Image-based crack detection algorithms have been widely discussed and applied over the past few decades. In early studies, methods were based on more traditional digital combination or improved image processing techniques such as thresholding, mathematical morphology, edge detection, and the like. These methods are generally based on photometric and geometric assumptions about the nature of the fracture image. However, these methods are very sensitive to noise because they are performed on a single pixel. This remains a challenging task due to crack non-uniformity and background complexity, such as low contrast with surrounding pavement, and shadows of similar intensity that may occur.

In recent years, deep Convolutional Neural Networks (CNNs) have found widespread use in computer image processing.

Deep neural networks have an impressive manifestation in many computer vision tasks, demonstrating the effectiveness of learned depth features.

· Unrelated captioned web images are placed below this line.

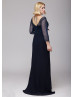 Navy Blue Pearls Mother Of The Bride Dress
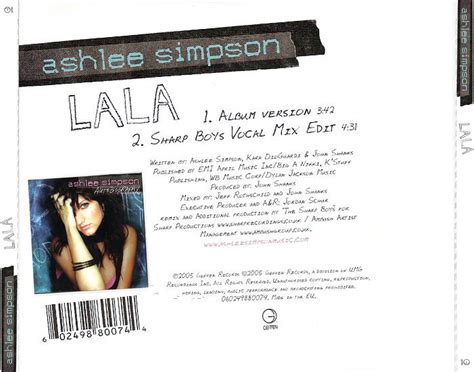 Car Tula Trasera De Ashlee Simpson La La Cd2 Cd Single Portada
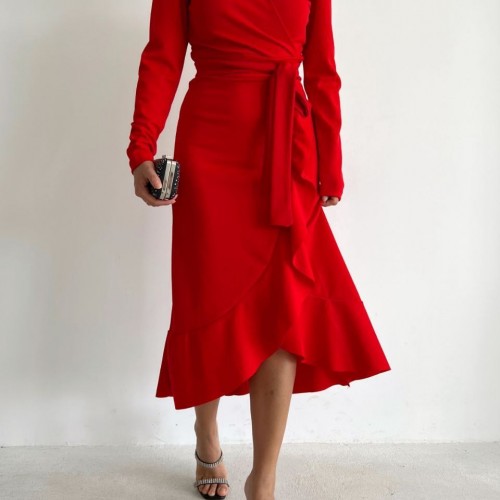 141946 TOPTAN KIRMIZI ELBİSE toptan bayan giyim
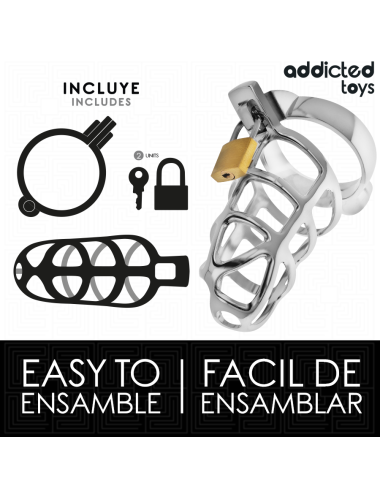 ADDICTED TOYS LOCKED - GABBIA PER PENE IN METALLO CON BLOCCAGGIO ARGENTO TAGLIA S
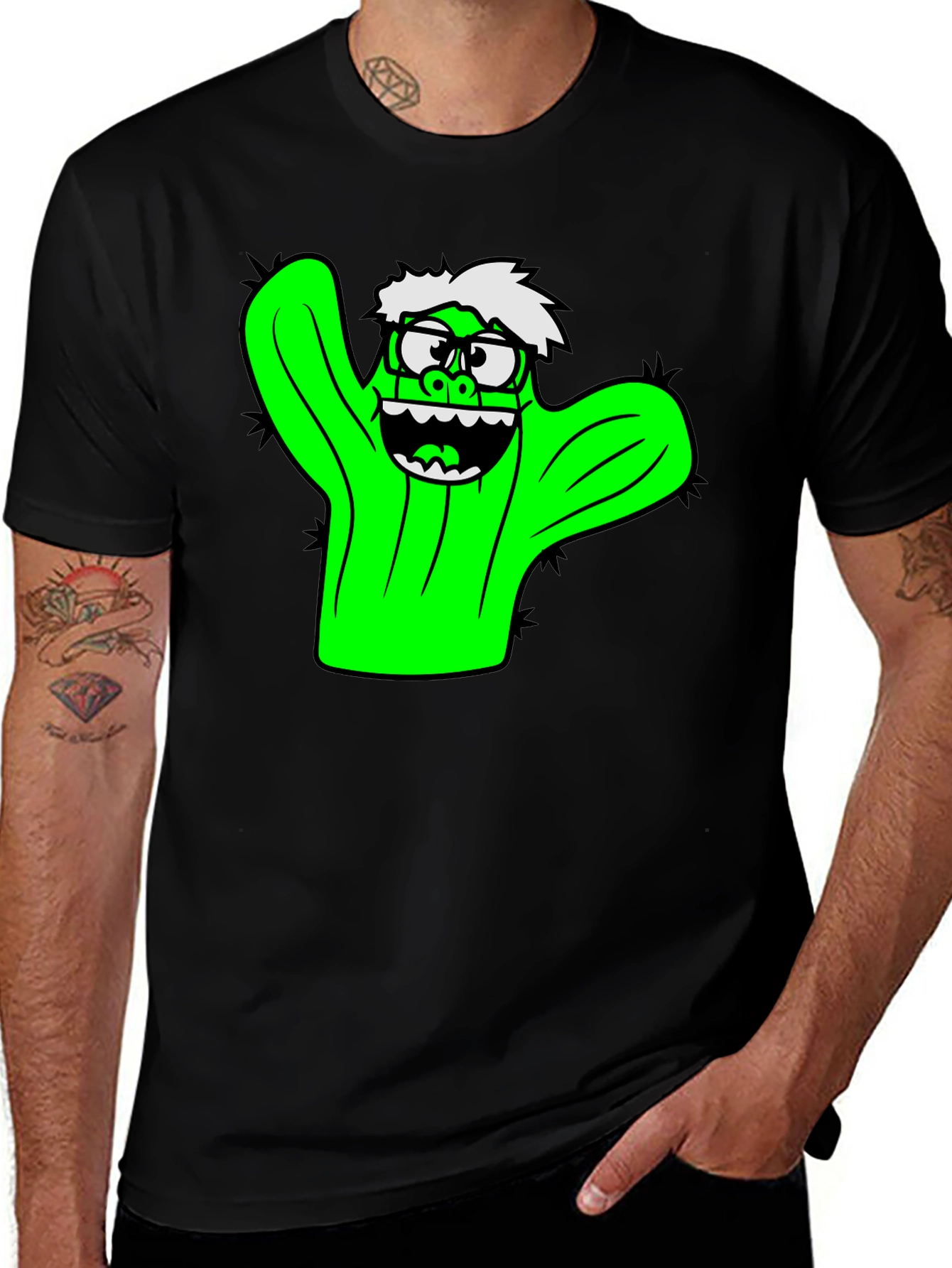 Variant 30 of Cactus Character Graphic Black T-Shirt
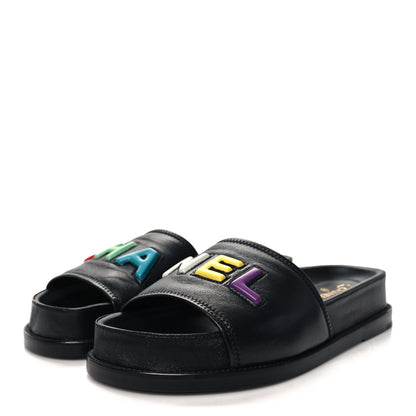 Chanel Lambskin Cha-Nel Mule Sandals 40 Black Multicolor 3 of 10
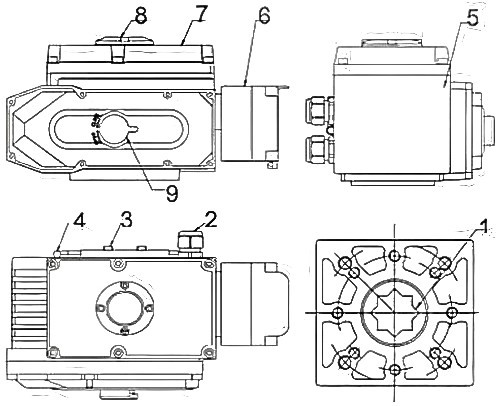 Кран шаровой DN.ru BV3232P(4pc)-FP-3WL-F-ISO-H Ду20 Ру16 полнопроходной трехходовой, нержавеющая сталь SS316, фланцевый, уплотнение - PTFE, с электроприводом четвертьоборотным DN.ru QT-N-005EM-A1-24VDC-У1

And constructing a deep Full Convolution Network (FCN) model, performing semantic segmentation on the pavement crack image, realizing automatic detection of pavement cracks, and having important significance for pavement condition monitoring.

Disclosure of Invention

The invention aims to: aiming at the defects of the prior art, the invention provides a road surface crack image segmentation method based on a full convolution neural network, so as to realize crack detection, further improve crack detection efficiency and reduce detection cost.

The technical scheme is as follows: the invention provides a road surface crack image segmentation method based on a full convolution neural network, which comprises the following steps:

s1, photographing a pavement crack by a camera, constructing a picture data set, and dividing an image in the data set into two types of crack-free and crack-free;

s2, carrying out segmentation data labeling on the image with the crack in the data set by using Lableme software;

s3, dividing the constructed data set into a training set (3/5 of the data set) and a test set (2/5 of the data set);

s4, constructing a full convolution neural network for image segmentation;

s5, training the full convolution neural network by utilizing the divided training set, and optimizing relevant parameters until a global optimal solution is obtained;

s6, submitting the crack images in the test set to a full convolution neural network, and outputting an image segmentation result.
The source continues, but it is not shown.